Personal information
- Date of birth: 17 April 1947
- Place of birth: Kraków, Poland
- Date of death: 17 October 2023 (aged 76)
- Place of death: Kraków, Poland
- Height: 1.77 m (5 ft 10 in)
- Position: Defender

Youth career
- Krakus Nowa Huta

Senior career*
- Years: Team / Apps / (Gls)
- 1963–1965: Krakus Nowa Huta
- 1965–1974: Cracovia / 33+
- 1974–1975: Polonia Milwaukee
- 1975–1976: Cracovia /  / (3)
- 1976–1977: Prokocim Kraków
- 1977–1978: Wisłoka Dębica

Managerial career
- Prokocim Kraków
- Wisłoka Dębica
- JKS Jarosław
- Polonia Milwaukee
- Garbarnia Kraków
- 1987–1988: Cracovia
- Skeid (coach)
- Bærum SK (coach)
- Kjelsås Fotball (coach)
- Lyn Oslo (coach)
- Kabel Kraków
- Puszcza Niepołomice
- Karpaty Siepraw
- Górnik Wieliczka
- 2011–2012: Dalin Myślenice
- 2012–2013: Wieczysta Kraków

= Tadeusz Piotrowski (footballer) =

Polish footballer and manager

Tadeusz Piotrowski (17 April 1947 – 17 October 2023) was a Polish professional football player and manager.

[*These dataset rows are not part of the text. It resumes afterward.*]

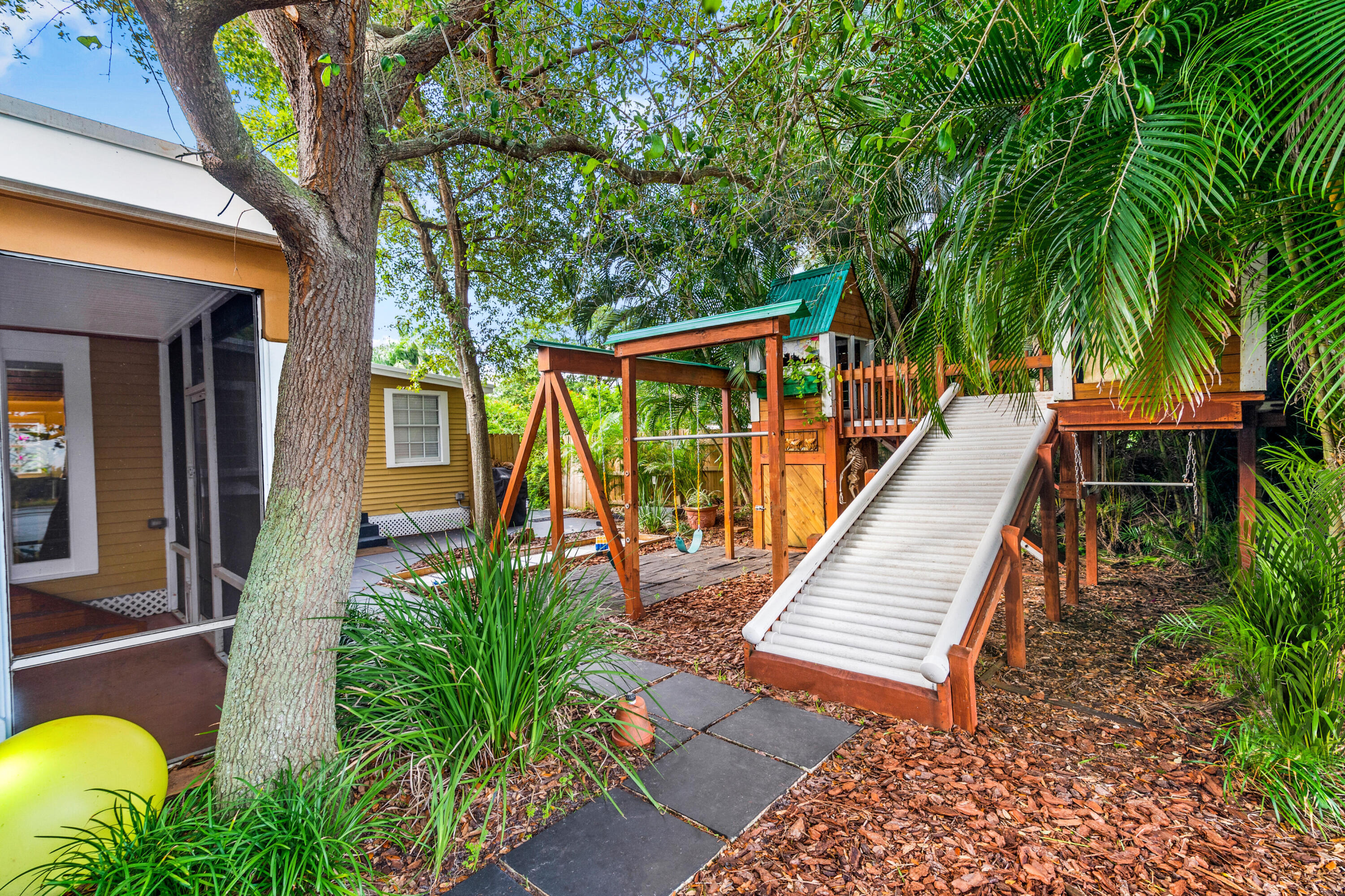 303 Lang, Cloud Lake FL 33406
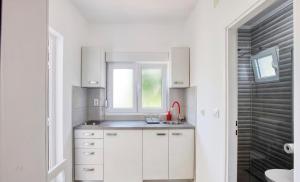 Ένα μπάνιο στο Apartments Near The Sea in Rogoznica +14 φωτογραφίες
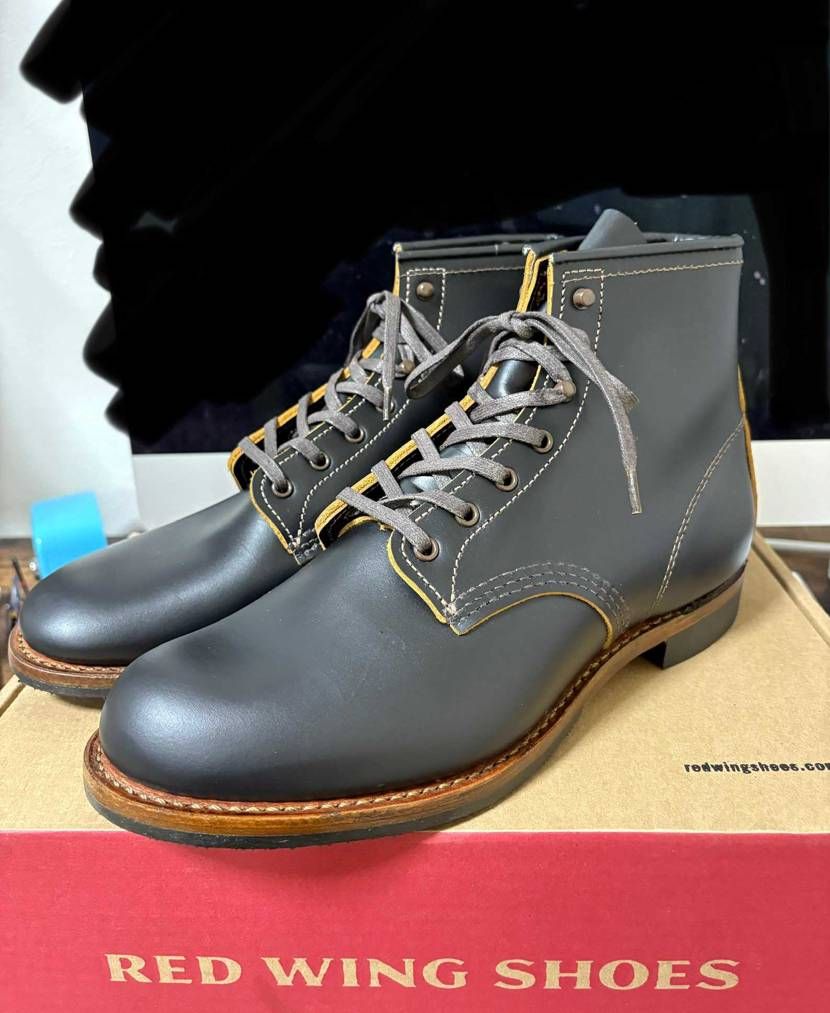 レッドウィング履いて♨️へ

スニーカー投稿じゃなくてす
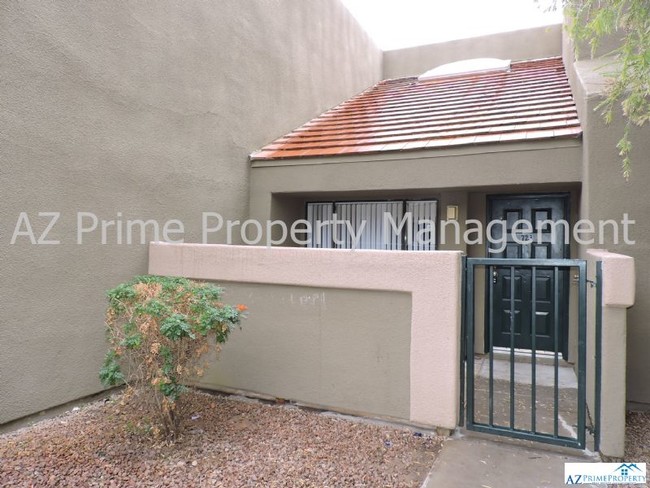 Building Photo - 1432 W Emerald Ave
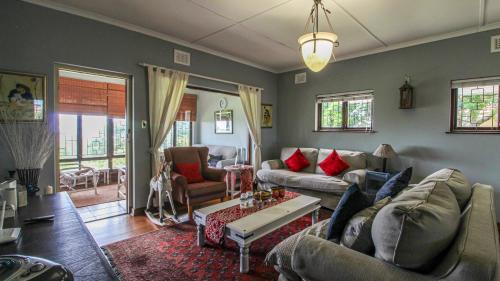 Dinen House — 4-Star Luxury Hotel in Margate, South Africa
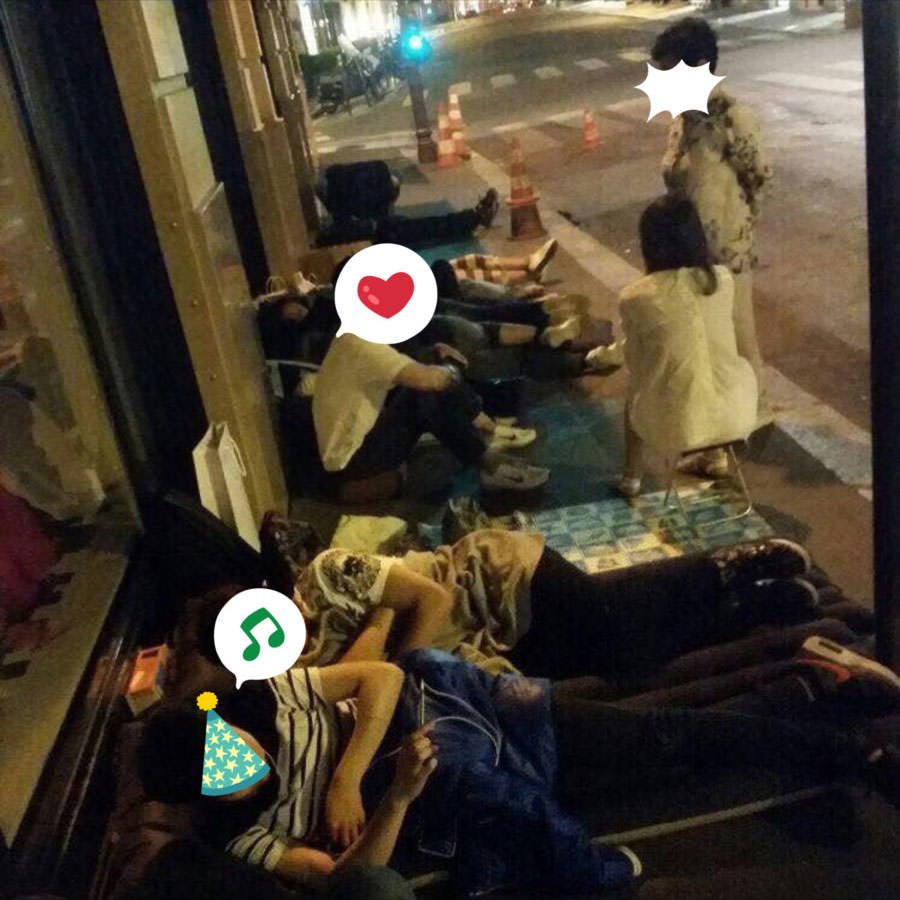 Reference image illustrating Inside the Hermès Paris Line-Sitting Economy: Wealthy Buyers Pay Hundreds to Skip the Queue at Faubourg Saint-Honoré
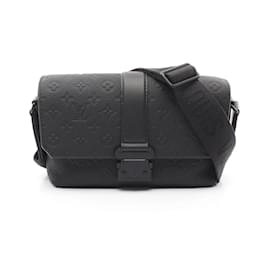 Louis Vuitton-Louis Vuitton LOUIS VUITTON S Cape Shoulder Bag-Black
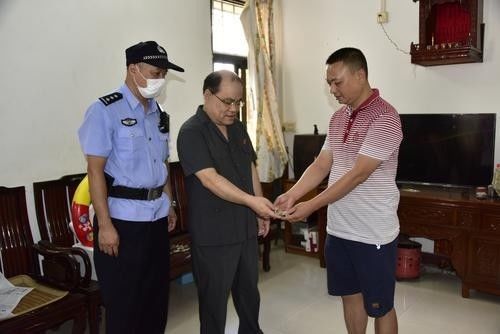 拿到|借款无力偿还以房抵债，债主从法官手上拿到房屋钥匙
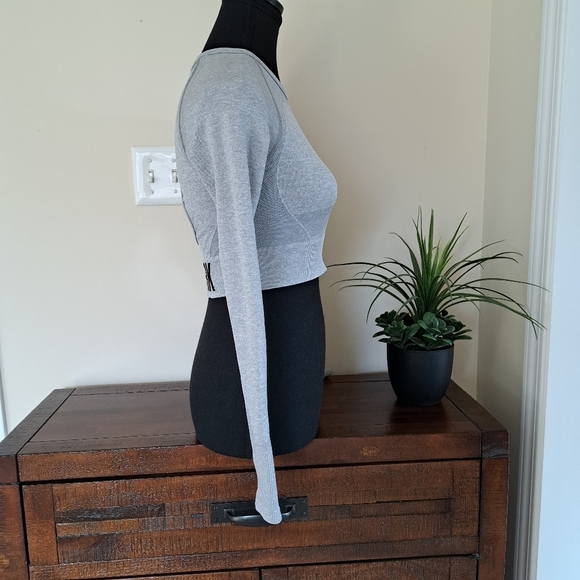 Gymshark Flex Sports Crop Top Grey Size Small Active Top Long Sleeved - Picture 5 of 16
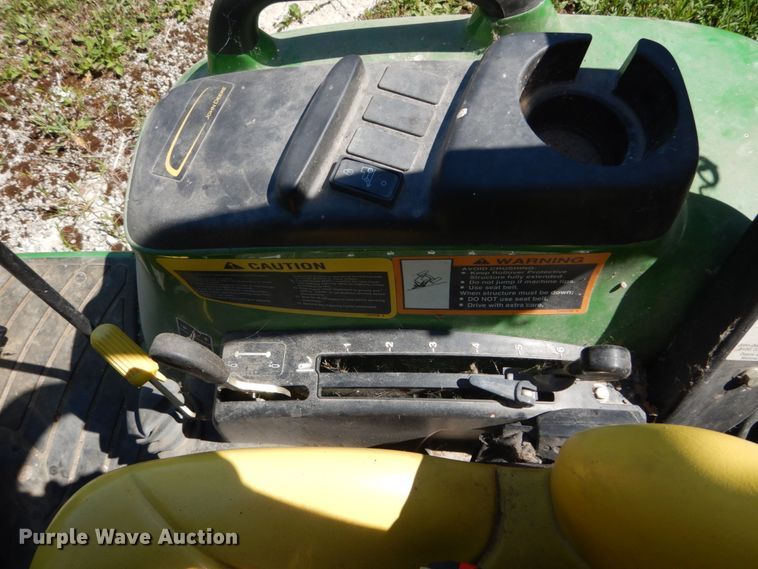 image for item GV9205 2005 John Deere 3320  MFWD tractor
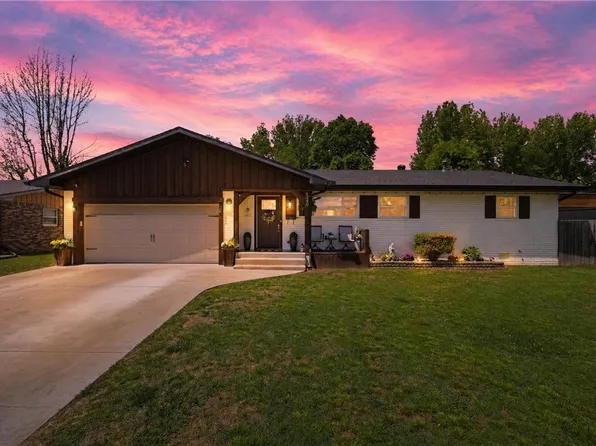 1300 Dyer St, Springdale, AR 72762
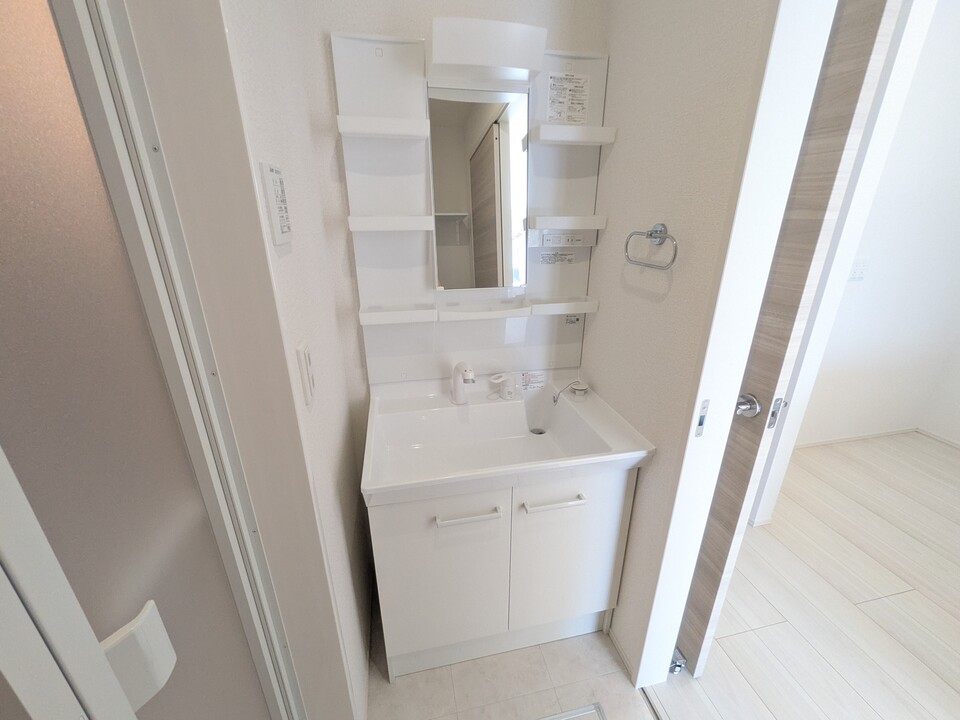シャワー付洗面化粧台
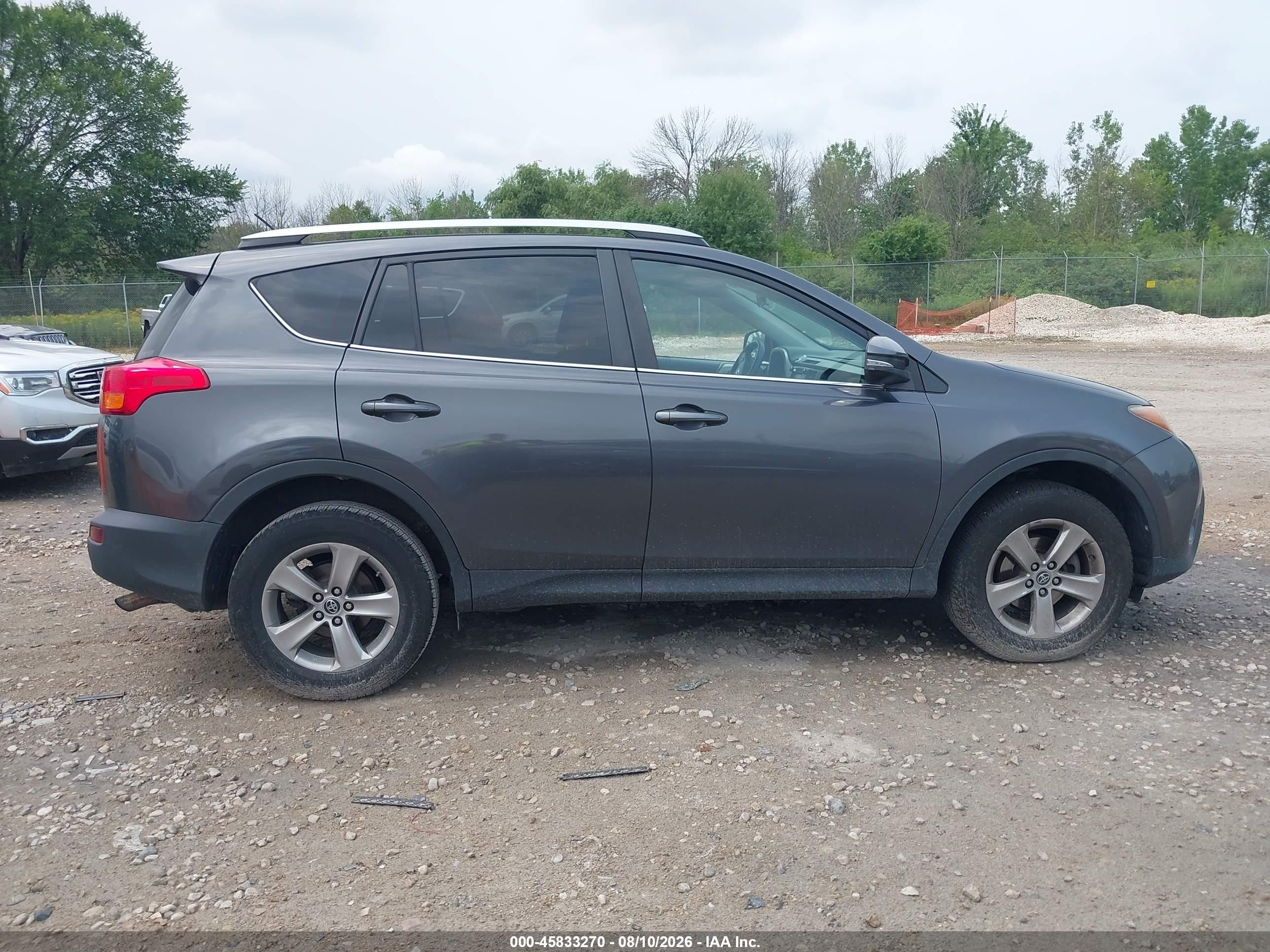 2015 Toyota Rav4 Xle Gray vin: 2T3RFREV1FW255677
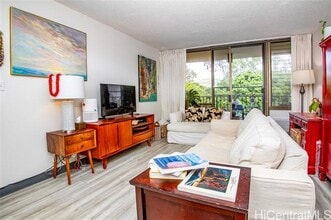 3138 Waialae Ave in Honolulu, HI - Building Photo - Building Photo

He was best known for his time at his hometown club Cracovia, playing in 13 top flight matches in the 1969–70 season.

He also played for Krakus Nowa Huta, the American Polonia Milwaukee, Prokocim Kraków and Wisłoka Dębica.

After retirement from playing, he became a coach, although he studied at AWF Kraków whilst still a player. His managerial highlight was leading Puszcza Niepołomice from the fourth division to the second. He also coached lower league Norwegian clubs as well as managed the Lesser Poland team in the UEFA Regions Cup.